═══ Information provided

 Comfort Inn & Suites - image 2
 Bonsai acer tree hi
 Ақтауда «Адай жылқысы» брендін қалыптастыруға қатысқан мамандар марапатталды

══════

Task details: What you copy should begin at the line with "Bonsai acer tree hi" and end at the final line of the listing, each line exactly as it is.

Solution to this exercise:
 Bonsai acer tree hi
 Ақтауда «Адай жылқысы» брендін қалыптастыруға қатысқан мамандар марапатталды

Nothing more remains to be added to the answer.